To the window, to the walls, to the tapioca balls!

Nera Deva was another spur-of-the moment idea. Man Biscuit and I were on a journey to buy a keg. The keg store was located in Millenia, which to the unfamiliar is a portion of South Orlando that has blown up in recent times. There’s a huge Target complex surrounded by restaurants, furniture stores and pseudo-yuppies. We snagged our sweet party keg and looked around for something to munch.
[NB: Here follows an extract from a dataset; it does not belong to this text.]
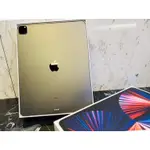 GOOGLE五星好評商家🏅️拆封新品🏅️🍎 IPAD PRO 五代平板電腦(12.9吋/WIFI/128G) 🍎黑色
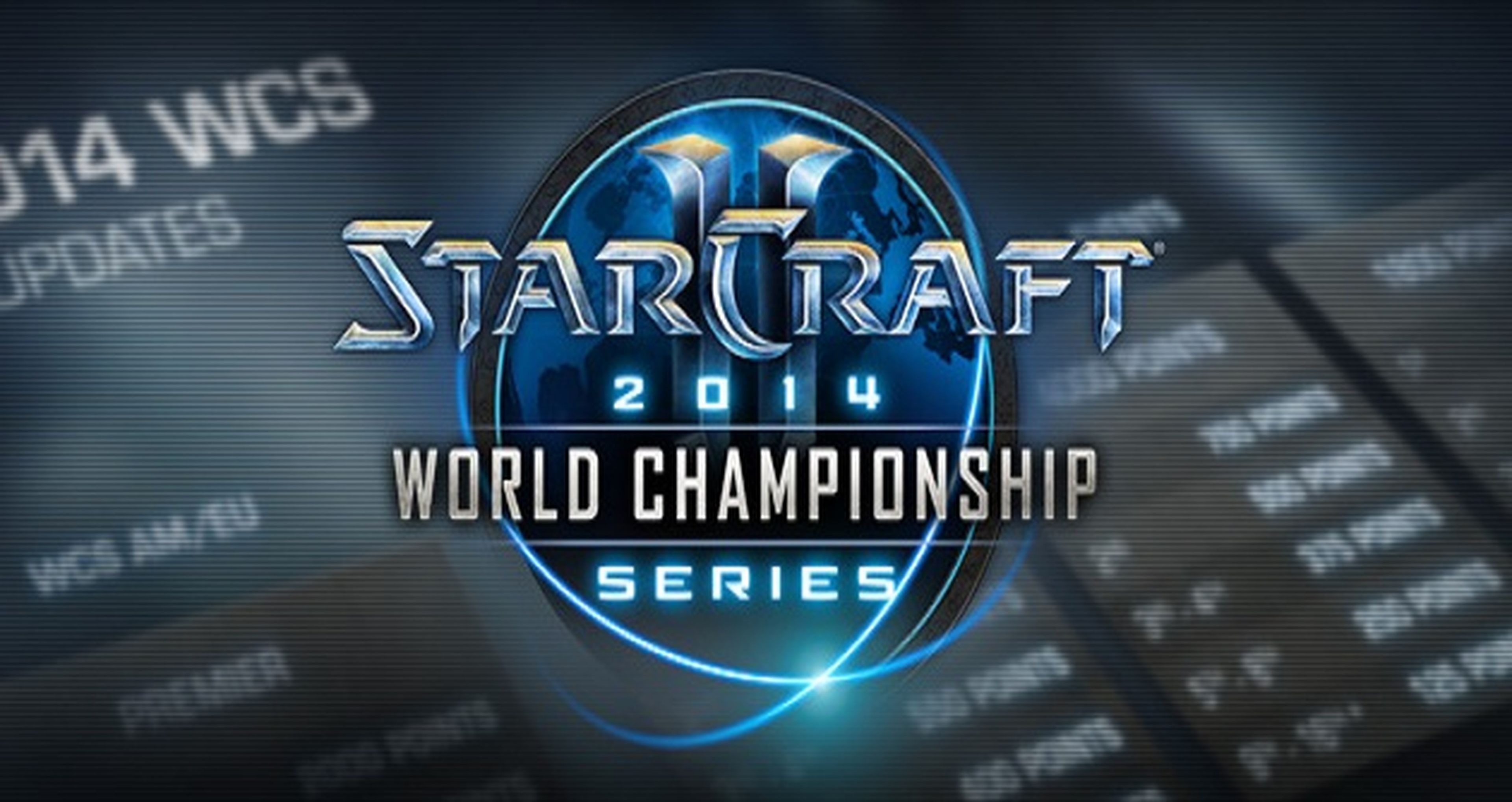 Comienza la temporada 2 de Starcraft II 2014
Around the corner from the Wal-mart of liquor stores, there was Nera Deva Thai. It looked like any other strip-mall restaurant from the outside, but we do love Thai food and thought to give it a chance.
As we entered the building, I was surprised by the decor. You would ordinarily expect a few artifacts from the native restaurant’s homeland, maybe some table cloths and pictures of the food. This wasn’t the case. Everything was wooden. Natural wood everywhere. Our booth was wood. There were wooden crossbeams everywhere, supporting hanging flowers. There was a large, intricately carved wooden archway on the wall. You could see the dancing spirits of Thai culture, people, animals dragons and all sorts of cool stuff carved into this peice. It was pretty cool.

We sat down and looked at the large menu. There were many traditional Thai dishes, and a bunch we hadn’t heard before. This time we decided to choose only from the appetizer menu, in a Tapis style. We ordered four appetizers. The server brought a photo album with professional looking pictures of each of the dishes. I was getting hungry just looking at it.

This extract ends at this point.